Lasciamoci innondare dalla luce, dal profumo delle arance e dalla burrosità della frolla e mettiamo subito le mani in pasta.

Questo periodo prenatalizio è perfetto per cucinare delle piccole prelibatezze da degustare con gli amici o per le merende dei bambini. Le occasioni non mancano certamente, anzi! Diventa difficile non accavallare pomeriggi con i compagni, cene con i colleghi, saggi, manifestazioni… tutto concentrato sempre negli stessi giorni prima del Natale.

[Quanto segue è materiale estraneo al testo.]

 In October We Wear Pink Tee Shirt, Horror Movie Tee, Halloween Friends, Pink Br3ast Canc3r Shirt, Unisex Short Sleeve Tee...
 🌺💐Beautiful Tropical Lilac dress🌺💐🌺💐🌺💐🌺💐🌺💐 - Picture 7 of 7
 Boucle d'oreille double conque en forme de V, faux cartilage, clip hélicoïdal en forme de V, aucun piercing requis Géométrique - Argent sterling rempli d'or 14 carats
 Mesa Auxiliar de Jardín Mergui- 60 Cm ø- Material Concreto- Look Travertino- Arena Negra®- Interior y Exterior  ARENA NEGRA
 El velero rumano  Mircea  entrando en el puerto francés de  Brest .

Queste crostate sono quindi perfette per presentarsi alle varie occasioni con piccoli e dolcissimi doni, che si possono  preparare con calma, in più riprese, permettendoci di gestire il poco tempo che abbiamo a disposizione.

 

Dopo aver dato uno sguardo al post “Crostata arancia e cioccolato” (clicca QUI) per ripassare i principi di base della pasta frolla, prepariamo i seguenti ingredienti:

250 g di burro morbido e plastico, a temperatura ambiente

250 g di zucchero semolato

la scorza grattugiata di 2 arance

100 g di uova intere

3 g di sale fino

500 g di farina di grano tenero tipo 00, a basso contenuto di glutine (adatta alla frolla e alla pasticceria)

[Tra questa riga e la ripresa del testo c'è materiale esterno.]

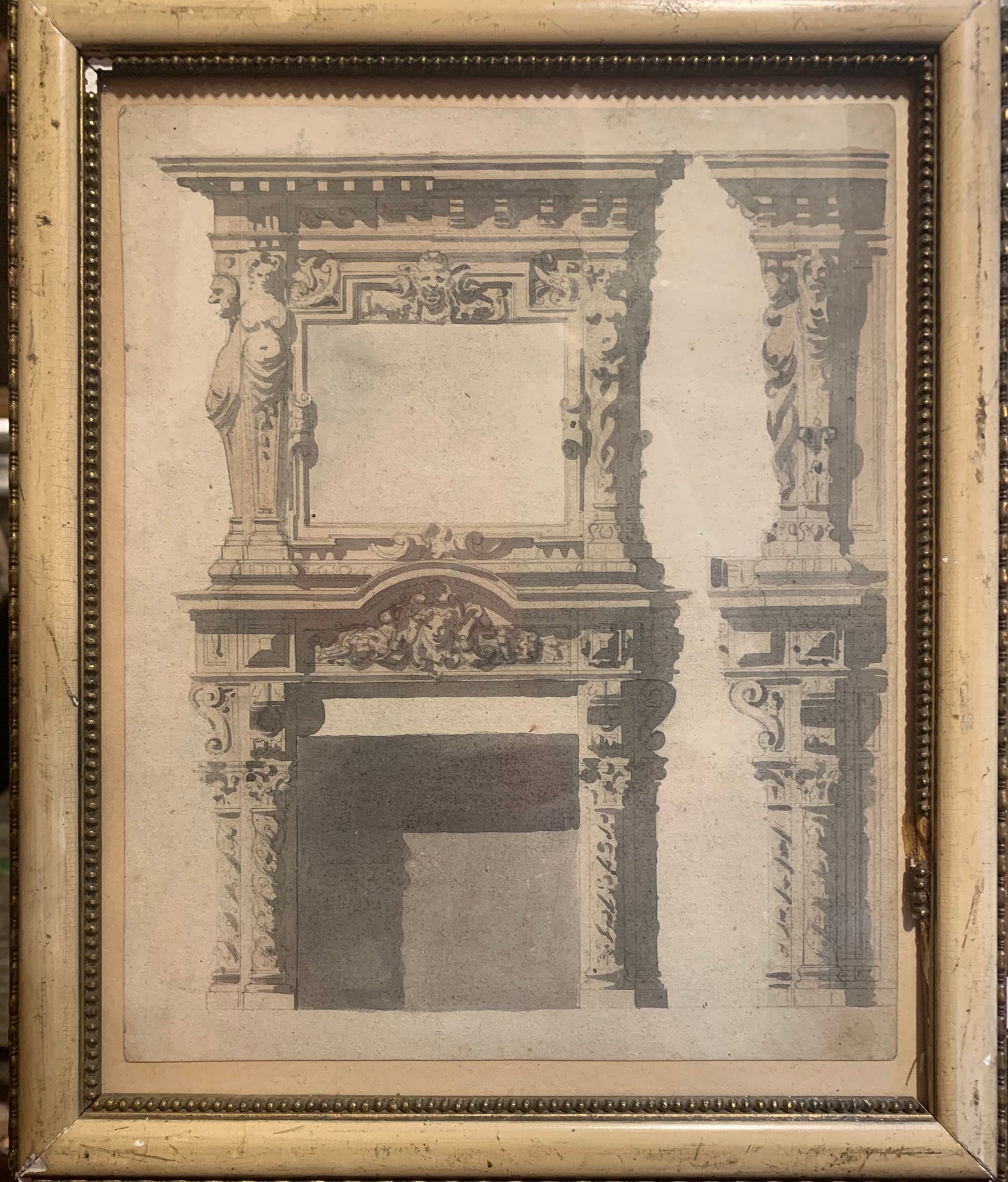 Architectural sketch, project for a fireplace. second half of the 19th century.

5 g di lievito in polvere per dolci (facoltativo) che serve per aumentare la porosità della pasta frolla

 

Con questi ingredienti possiamo preparare una PASTA FROLLA UNIVERSALE. Se preferite potete dimezzare la grammatura della ricetta e preparare una dose più adatta agli utilizzi casalinghi. Con questa ricetta potete fare molte crostatine oppure circa 3 crostate per 8 persone l’una. Io preferisco impastare tutta la quantità e cuocere una crostata e tanti frollini. Ad ogni modo potete congelare la pasta cruda, avvolgendola bene nella pellicola per alimenti, conservandola per 6 mesi e utilizzandola al bisogno. Per un paio di giorni, si può anche conservare in frigorifero.

 

Preparazione della pasta frolla universale

Lavorare a mano o con la planetaria (montando lo scudo).

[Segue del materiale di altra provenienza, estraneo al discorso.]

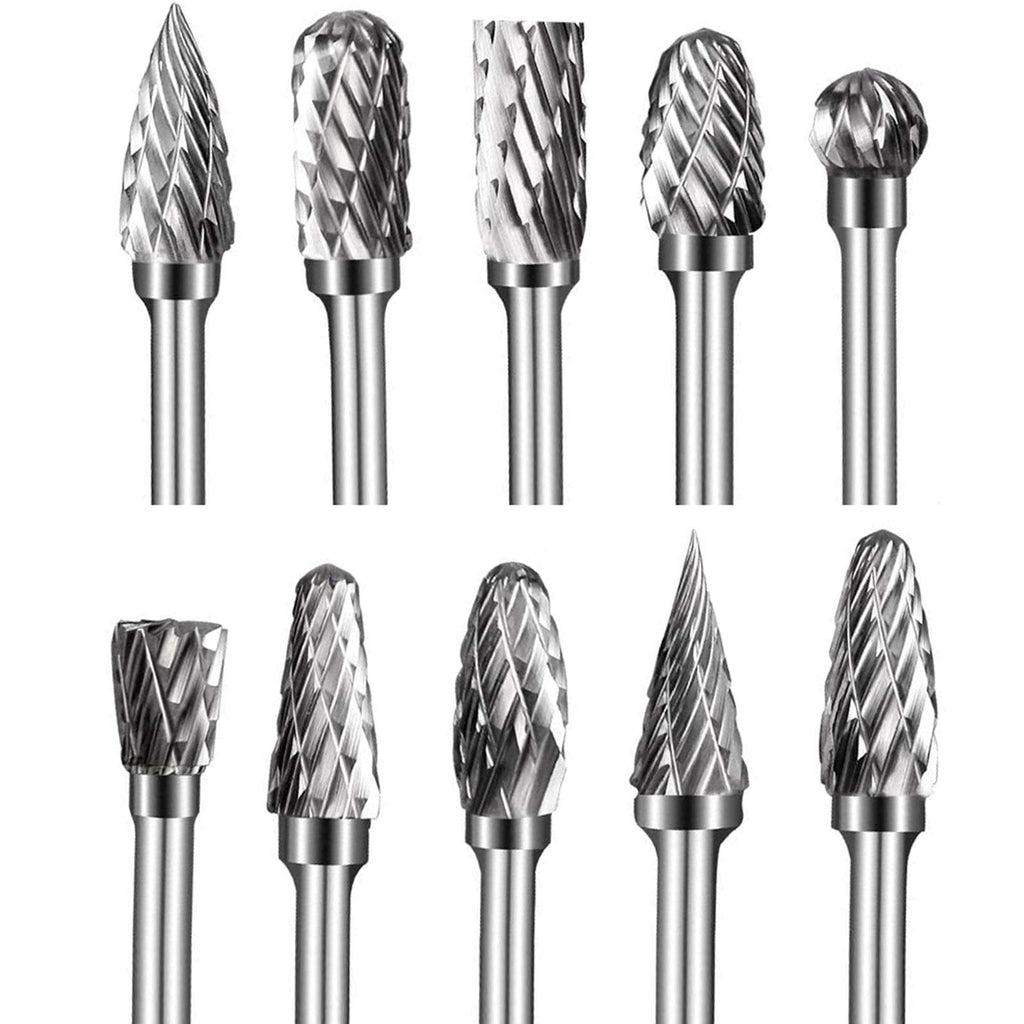  [AUSTRALIA] - Double Cut Carbide Burrs, 10pcs Tungsten Carbide Rotary Burr Set with 3mm Shank 6mm Grinding Head for Wood & Stone Carving, Steel Metalworking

Impastare burro, zucchero e aromi facendo attenzione a non montare gli ingredienti.

Aggiungere le uova con il sale e continuare ad impastare.

Quando la massa burrosa sarà diventata omogenea, aggiungere la farina setacciata e il lievito (se decidete di utilizzarlo).

Ricordarsi di lavorare velocemente gli ingredienti, cercando di non scaldare l’impasto e di non fare formare la maglia glutinica. Alcuni maestri dicono che la pasta deve “frollire”: non bisogna infatti pensare ad un impasto simile a quello del pane o delle brioche, bensì ad un composto omogeneo che andrà avvolto nella pellicola per alimenti e che dovrà raffreddarsi in frigorifero, per circa 10 ore.

Dopo il riposo in frigorifero, modellare velocemente il panetto per ripristinare la sua plasticità, quindi stenderlo con il mattarello sul piano di lavoro infarinato. Sarebbe meglio utilizzare due fogli di carta forno (sotto e sopra l’impasto) mentre si stende la pasta con il mattarello. Questo metodo permette alla pasta di non rovinarsi, né appiccicarsi al mattarello, mantenendo la sua perfetta calibratura. L’aggiunta di farina per stendere la sfoglia, rischierebbe di rovinare la perfetta bilanciatura della frolla.

Foderare le tortiere con la frolla, facendola aderire bene ai bordi e tagliando la pasta in eccesso che fuoriesce dai bordi.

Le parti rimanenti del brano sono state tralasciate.